The idea dawned on me the other day, seeing a good friend go through a heartbreak. It seems an almost automatic response, programmed sympathy cushioning the damage in the form of “You don’t deserve this”. But truth is, she does. She is an amazing, talented, caring person, but I can say with the utmost confidence that she, along with everyone, deserves a broken heart.

Because I think you need to be broken. 

You need closed curtain days draped in darkness and cocooned in bed sheets.

You need to have numb blurry nights, music too loud and liquor too strong.

You need to feel your gut betray you, viciously swallowing your heart whole every time you see their name splashed across a screen, or hide how heavy your chest feels when it spirals up in light conversation.

You need to fear the false hope that lingers in the waking hours, when the world is at bay and the teasing sunlight whispers tales of how today things will feel okay.

You need to grieve to understand that regret is the heaviest of debts, and if you tread it’s weight in water long enough, you will drown. 
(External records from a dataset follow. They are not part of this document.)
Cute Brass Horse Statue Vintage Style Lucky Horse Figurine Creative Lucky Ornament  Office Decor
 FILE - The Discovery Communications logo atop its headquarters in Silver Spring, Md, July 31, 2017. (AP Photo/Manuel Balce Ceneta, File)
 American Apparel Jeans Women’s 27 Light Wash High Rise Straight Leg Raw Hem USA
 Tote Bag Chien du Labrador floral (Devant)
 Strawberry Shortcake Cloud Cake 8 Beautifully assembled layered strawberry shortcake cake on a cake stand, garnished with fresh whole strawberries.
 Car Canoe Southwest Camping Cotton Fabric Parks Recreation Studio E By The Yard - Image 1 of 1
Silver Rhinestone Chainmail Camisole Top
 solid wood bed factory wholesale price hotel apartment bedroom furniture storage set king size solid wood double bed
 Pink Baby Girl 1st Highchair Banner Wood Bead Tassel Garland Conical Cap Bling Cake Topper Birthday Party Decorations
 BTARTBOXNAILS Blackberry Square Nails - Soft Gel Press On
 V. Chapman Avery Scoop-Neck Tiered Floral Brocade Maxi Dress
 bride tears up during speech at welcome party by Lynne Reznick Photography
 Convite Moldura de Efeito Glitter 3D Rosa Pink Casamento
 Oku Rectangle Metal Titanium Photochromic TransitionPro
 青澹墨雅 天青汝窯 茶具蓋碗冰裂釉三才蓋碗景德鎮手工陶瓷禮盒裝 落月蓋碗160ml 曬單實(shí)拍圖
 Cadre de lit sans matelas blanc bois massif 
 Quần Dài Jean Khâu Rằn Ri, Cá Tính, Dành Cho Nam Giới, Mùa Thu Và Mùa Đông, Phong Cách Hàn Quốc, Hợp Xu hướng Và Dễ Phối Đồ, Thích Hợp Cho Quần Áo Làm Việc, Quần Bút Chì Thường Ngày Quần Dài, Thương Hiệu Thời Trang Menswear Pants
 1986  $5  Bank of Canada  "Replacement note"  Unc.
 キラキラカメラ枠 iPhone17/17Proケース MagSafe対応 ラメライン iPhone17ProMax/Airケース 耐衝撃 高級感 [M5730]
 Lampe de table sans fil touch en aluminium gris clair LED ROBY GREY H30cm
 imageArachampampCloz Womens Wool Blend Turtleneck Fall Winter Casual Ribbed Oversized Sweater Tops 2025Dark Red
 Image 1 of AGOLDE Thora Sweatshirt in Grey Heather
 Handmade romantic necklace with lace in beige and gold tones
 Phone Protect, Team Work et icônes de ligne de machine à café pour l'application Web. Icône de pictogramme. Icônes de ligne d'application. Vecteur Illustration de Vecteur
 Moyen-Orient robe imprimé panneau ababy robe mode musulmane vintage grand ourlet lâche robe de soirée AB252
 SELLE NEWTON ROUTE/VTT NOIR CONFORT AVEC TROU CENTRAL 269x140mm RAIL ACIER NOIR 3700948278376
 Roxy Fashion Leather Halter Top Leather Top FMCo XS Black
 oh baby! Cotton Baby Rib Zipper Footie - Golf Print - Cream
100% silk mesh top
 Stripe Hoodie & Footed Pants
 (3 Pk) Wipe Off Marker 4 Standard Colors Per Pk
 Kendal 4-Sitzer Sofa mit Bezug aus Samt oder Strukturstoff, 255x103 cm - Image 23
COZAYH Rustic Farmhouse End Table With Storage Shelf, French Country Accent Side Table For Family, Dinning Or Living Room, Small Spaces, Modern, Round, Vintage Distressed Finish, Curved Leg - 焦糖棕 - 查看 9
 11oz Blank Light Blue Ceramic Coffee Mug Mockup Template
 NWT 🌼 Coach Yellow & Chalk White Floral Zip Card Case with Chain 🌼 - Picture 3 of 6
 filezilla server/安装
But when the day arrives that happiness comes knocking on your door, invite it in. Let it sit where bitterness used to rest, as remnants of this broken love dissolve. Thank it kindly for showing up just in time.

See, the deeper that sorrow carves into your soul, the more room you have to soon be filled with joy. 

In the mean time you can’t resent the hurt like it is some form of evil. Heartbreak is misunderstood. It is the wolf and you are the prey, its a part of life and you can’t blame it for how it hunts. Because when you make it out alive, you will learn it’s patterns of attack. You will remember all of the places it hides, you’ll recognize where it feeds, the smoke and mirrors, the warning signs you never wanted to believe. Take heartbreak as a lesson, accept it as a hidden blessing.

Rest assured although it may be nonsense now,  if heartbreak is the predator of love then hindsight is the god of growth. We lack understanding of pain until we play our lives out in reverse.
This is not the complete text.